Twilight Sword
Core RulebookCore Mechanic
Roll a d12 against one of eight Abilities and score equal to or under it to succeed, so low rolls are good. A 1 is always a critical success and a 12 always a critical failure, whatever the Ability score. Modifiers shift the target by up to 3 in either direction. Advantage rolls 2d12 and keeps the lower result, while Disadvantage keeps the higher.
Best For
Groups who want the feel of JRPG and adventure video games at the table, with a core roll simple enough to teach newcomers. The low-lethality tone suits family or mixed-experience tables running long campaigns of travel and monster hunting.
Highlights
Eight elements form a cycle where each beats the next, so picking an element against a monster's affinity is a puzzle rather than a flat damage bonus.

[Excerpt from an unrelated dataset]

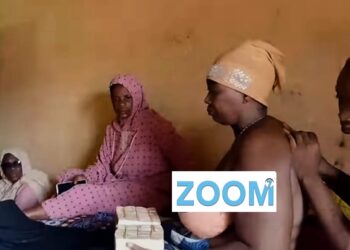 Humanitaire : Atteinte du cancer du sein, K-dija Design offre 20 millions de francs guinéen à la Dame Binta Diallo à Kankan 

A monster's Threat rating sets both how many the party should face and how many turns it takes each round, letting one number carry encounter balance and battlefield pacing. Advancement runs off a shared Hope track earned by completing deeds, tying character growth to how much of the world the party has restored.
Considerations
Defeated Champions are knocked out rather than killed, and permanent death exists only as an optional rule the table must agree to before play begins. Cooking and brewing each require assembling a dice pool from gathered ingredients and reading it against a tiered effect table, a separate procedure from core resolution. Combat positioning uses four abstract ranges rather than measured distances, and the optional battle-map conversion is a short note rather than a developed ruleset.